Nat Bailey Stadium: 4 things you may not know
Vancouver Canadians open the 2014 season tonight with home game against Spokane Indians
The Vancouver Canadians are set to open up another baseball season in Vancouver's Scotiabank Field at Nat Bailey Stadium tonight.
The iconic 5,157-seat venue, which is located on the eastern side of Queen Elizabeth Park, has been the home of baseball in the city for the last 63 years.
While thousands of Vancouverites flock to the hallowed ground each year, here are four facts you may not have known about the Nat:
1. It was the Cap before the Nat
After being built in 1951, Nat Bailey stadium was originally called the Capilano Stadium as it was home to the Vancouver Capilanos.
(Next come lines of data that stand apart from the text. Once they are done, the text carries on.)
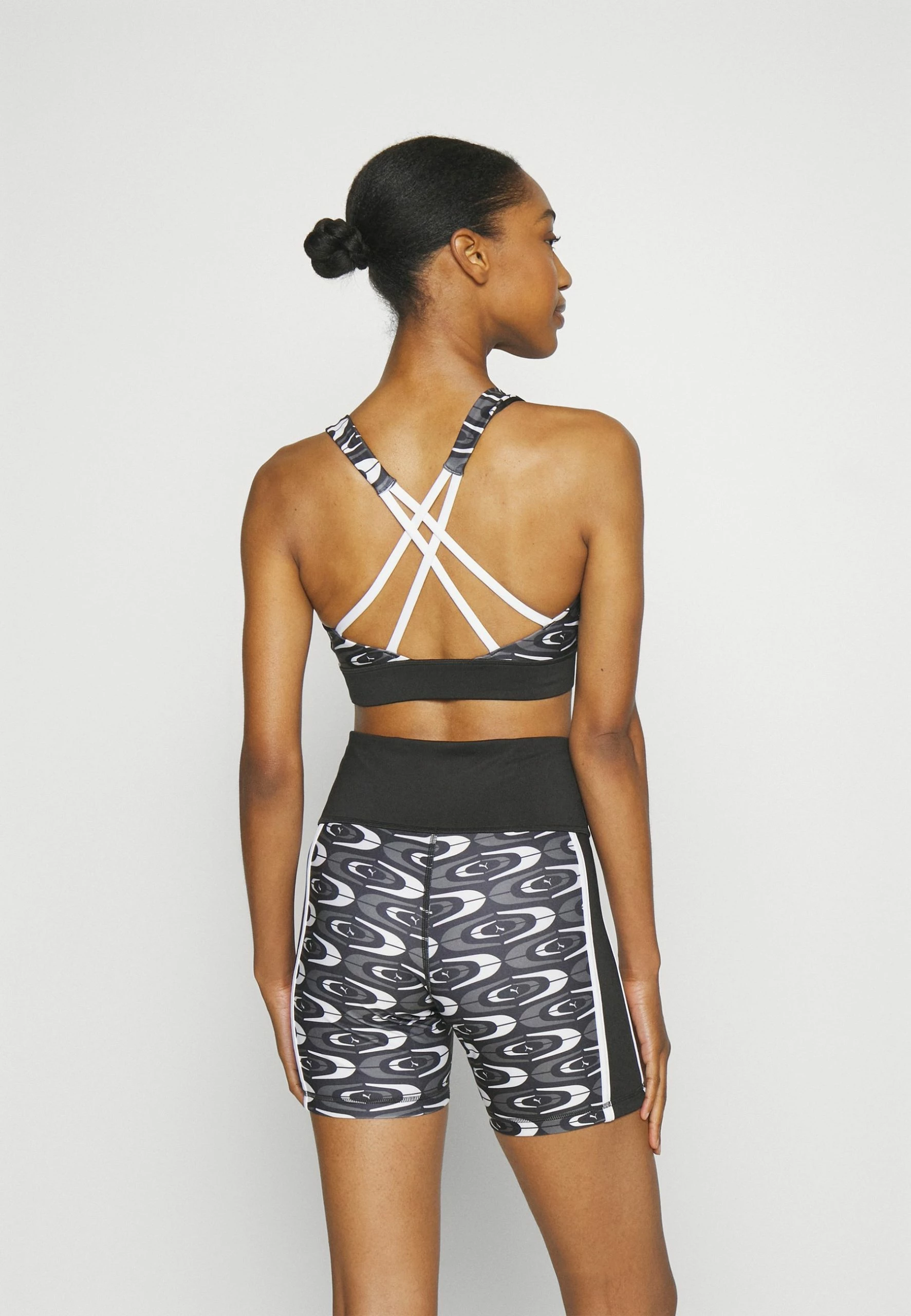 Puma Retro Glam Strappy Bra - Sport-Bh Met Medium Support - Black 5 Puma Retro Glam Strappy Bra - Sport-Bh Met Medium Support - Black - Afbeelding 3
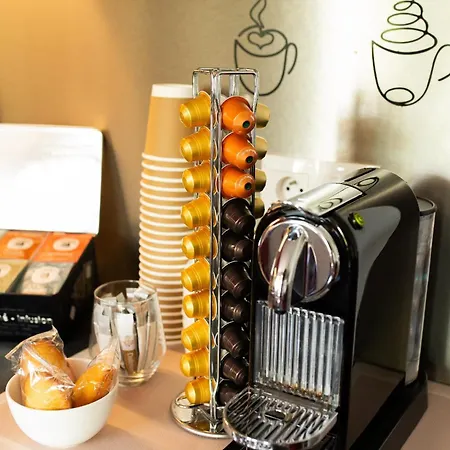 ベッド・アンド・ブレックファスト Aeroport 8 Min A Pied *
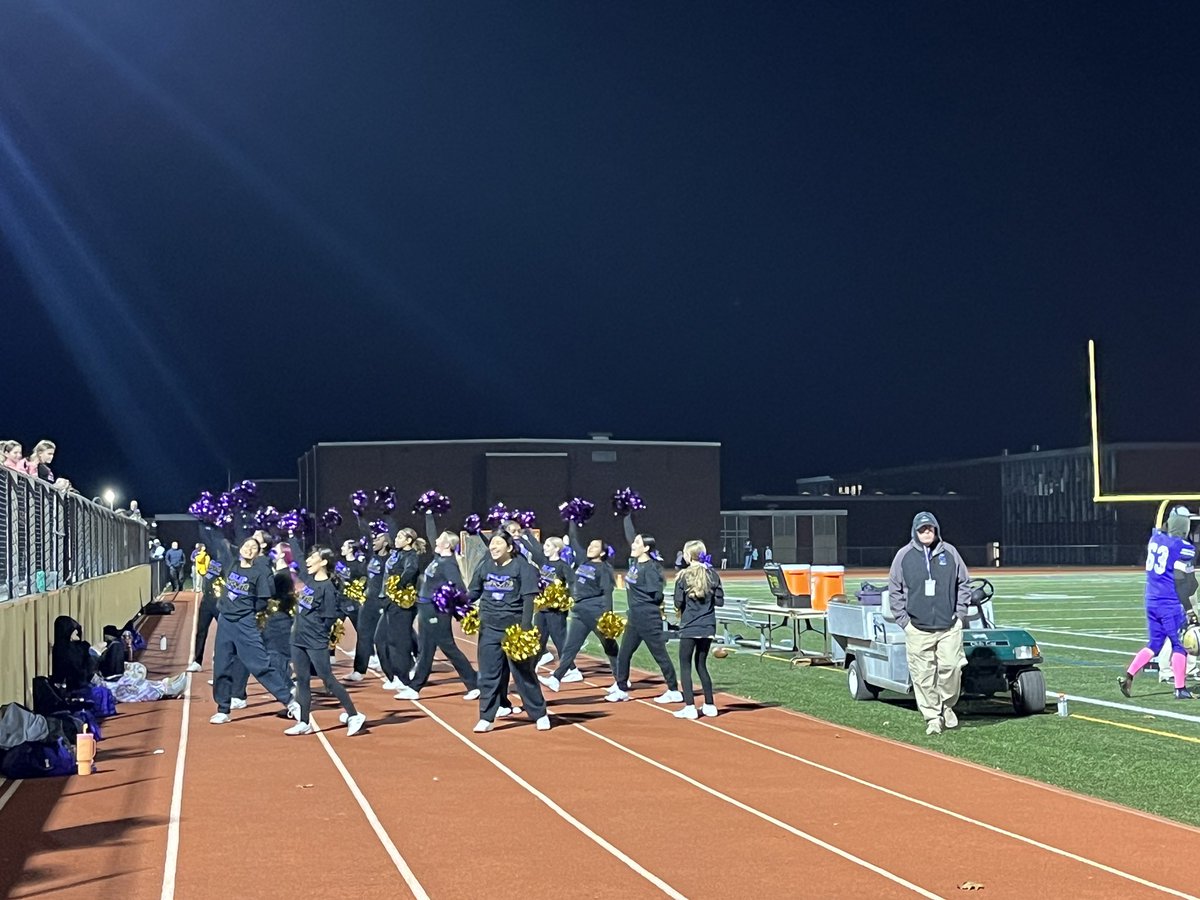 MBteach14's tweet photo. Way to go Bucs!!! #islippride #isliprising @IslipHS https://t.co/hNStQOH55U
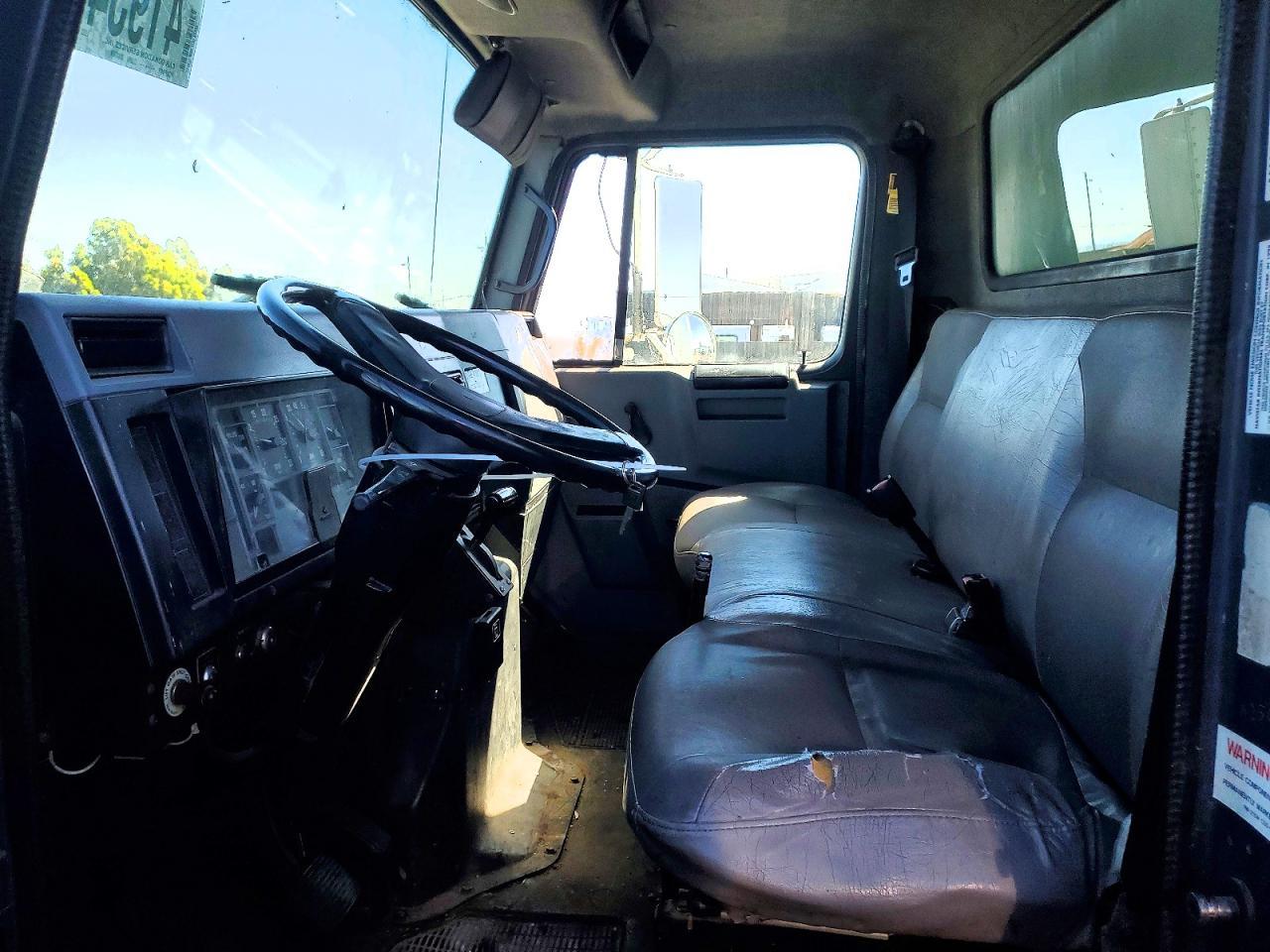 1995 International 4700 BOX Truck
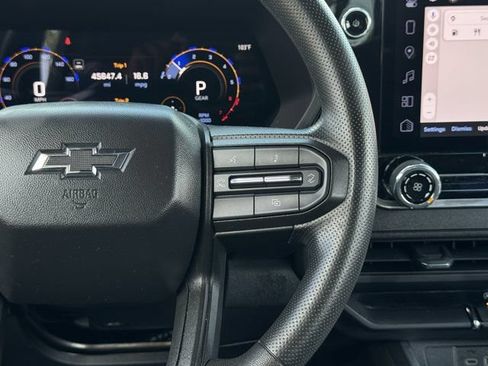 Used 2024 Chevrolet Colorado Trail Boss AWD/4WD image 16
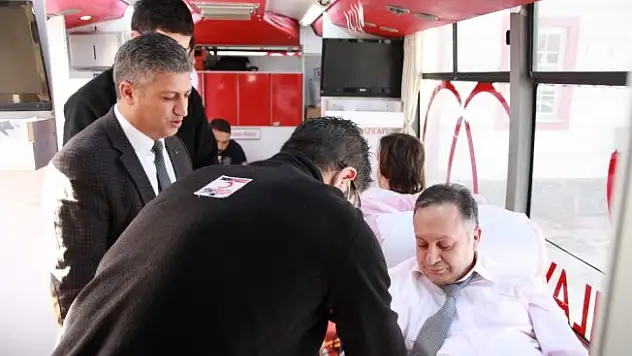 Van'da Sağlıkçılardan kan bağışı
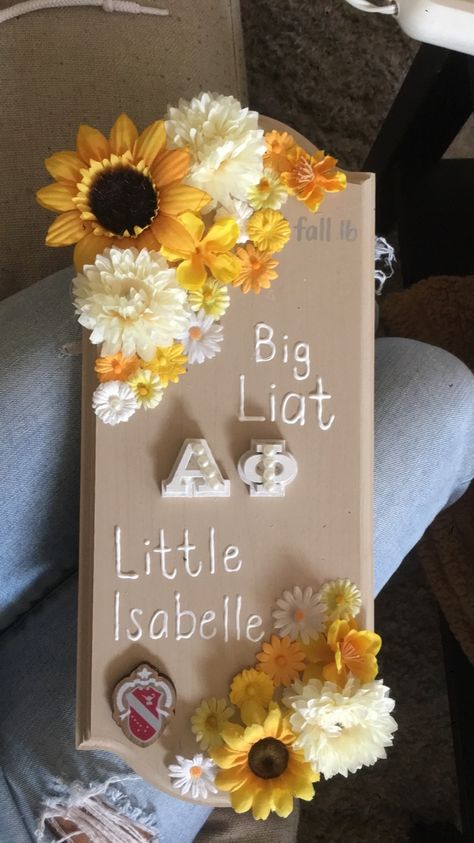 Big little plaque sorority flowers Sorority Plaques Big Little, Big Little Plaques, Sorority Plaques, Paddle Designs, Plaque Ideas, Big Little Paddles, Sunflowers And Roses, Plaque Design, Cooler Painting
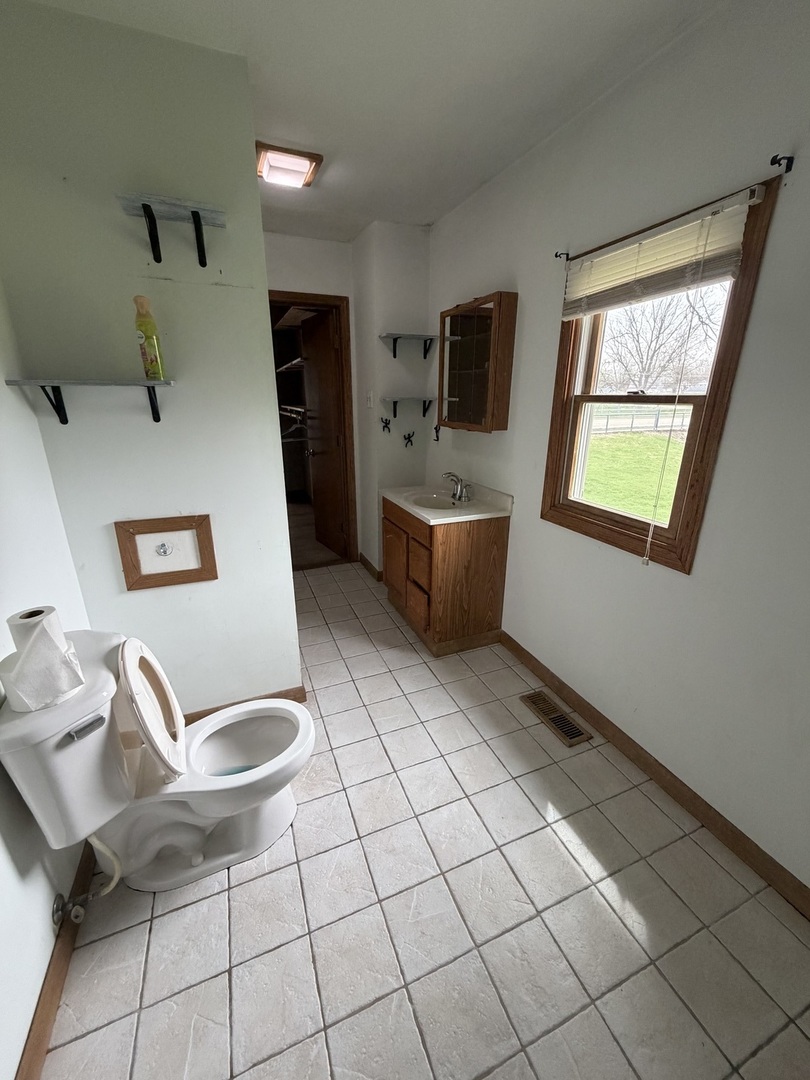 616 East Main Street Amboy, IL 61310 - Photo 19 of 24 a living room with furniture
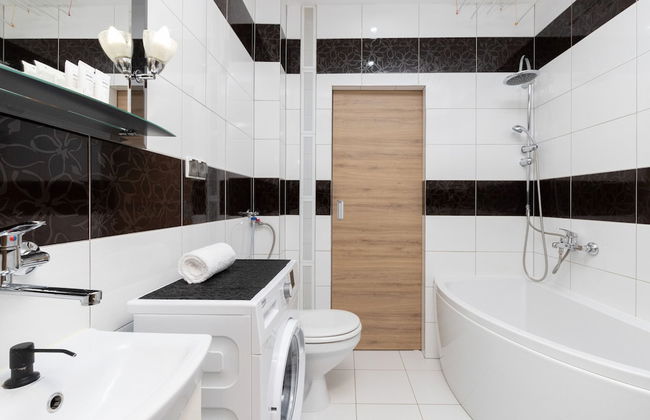 Biała Mewa Apartment by Renters - Photo 30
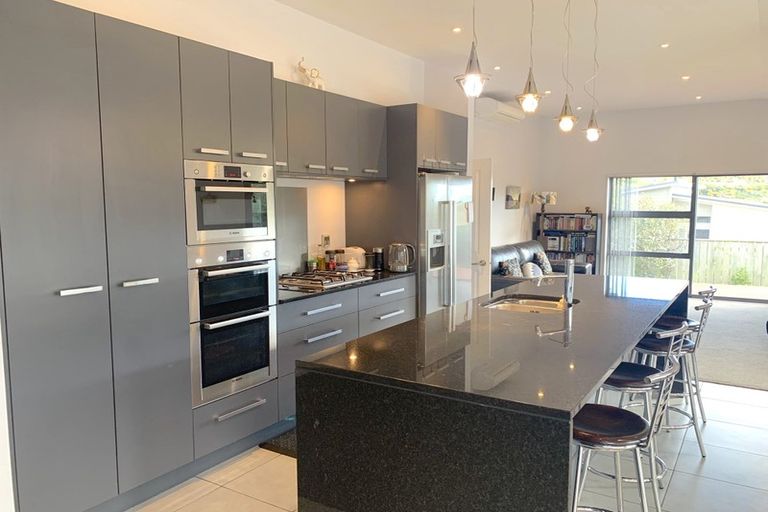 Photo of property in 6 Kaimai Place, Aotea, Porirua, 5024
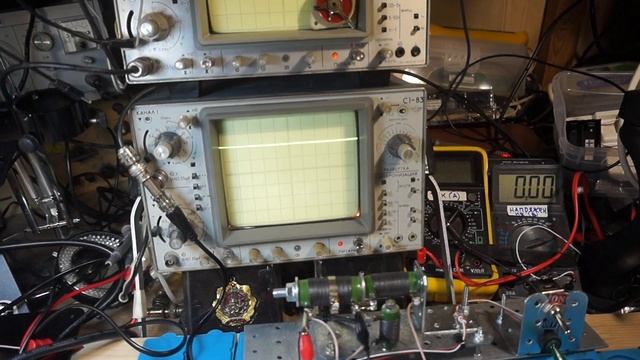 Проверка блока питания компьютера после ремонта на мощных нагрузках и тепловизором. Соблюдайте ТБ. смотреть онлайн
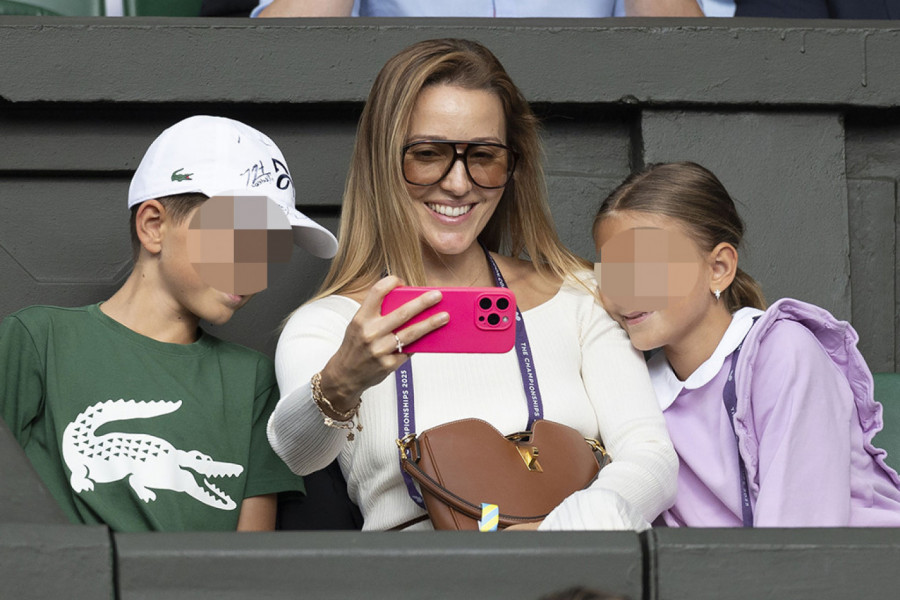 JELENA ĐOKOVIĆ SRDAČNO BODRI NOVAKA UZ STEFANA I TARU: Šminka je izostala, ali osmesi podrške nikada! (FOTO)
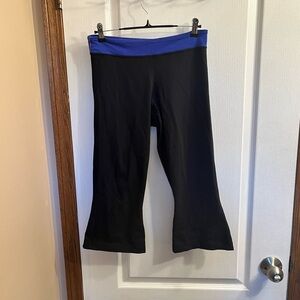 2/$30 Lululemon Blue Black Flare Leg Crop Pants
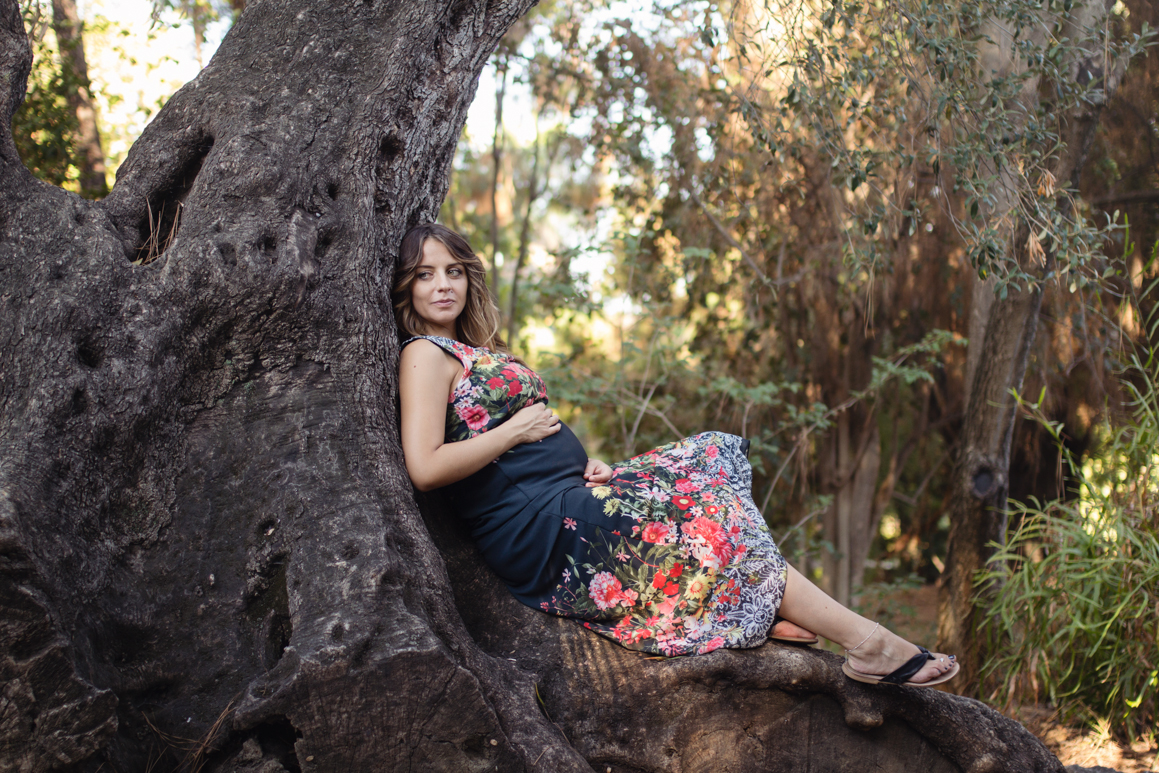 Servizio fotografico maternita ai giardini Hanbury a Ventimiglia. Fotografo Elisa Arsi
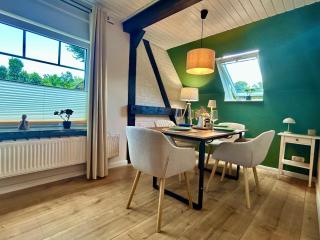 Stilvolle 3-Zi-Wohnung, ruhig, Parkplatz, Wlan, Kiel - 0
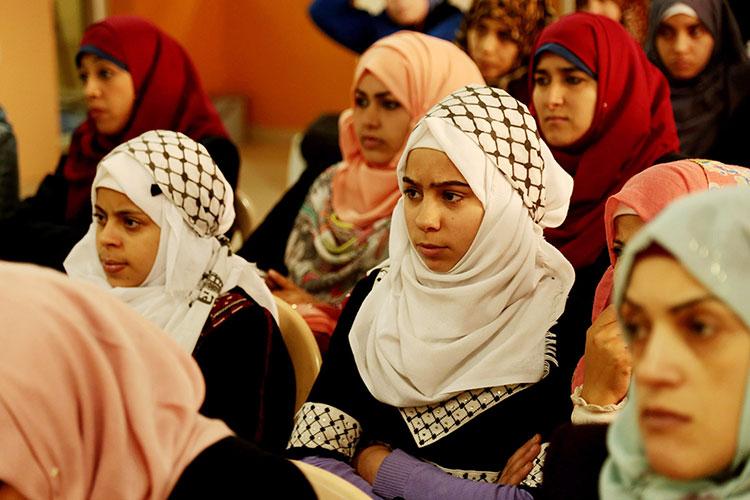 الثقافة والفكر الحر تصدر الدليل الاشاري لذوي الاعاقة السمعية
It wasn't until 27 years later, in 1978, that the stadium was renamed after Vancouver restaurateur Nat Bailey.
2. More than just for baseball
While the stadium is first a baseball diamond, it also functions in some other unique ways . Whether it be a place for voters to cast their ballot during an election, or a winter's farmer's market, the Nat is without doubt one of the more versatile stadiums. In 1955, Vancouver icon and hockey superstar Fred 'Cyclone' Taylor even hoped to turn the stadium into an outdoor skating rink during the winter.
3. The sushi run
The Fourth Inning Sushi race is one of the more unique traditions in all of sport. The race pits three mascots dressed as different Japanese cuisine elements against each other. Each game Ms. B.C. Roll, Mr. Kappa Maki, and Chef Wasabi vie for the title of faster sushi racer.
4. A place that matters
Last year the stadium received a significant honour from the Vancouver Heritage Foundation. It was given a 'Places that Matter' plaque to commemorate its stature in Vancouver. This year, the Vancouver Canadians, which are affiliated with the Toronto Blue Jays, hope to make it a stadium that matters even more by winning their fourth straight Northwest League title there.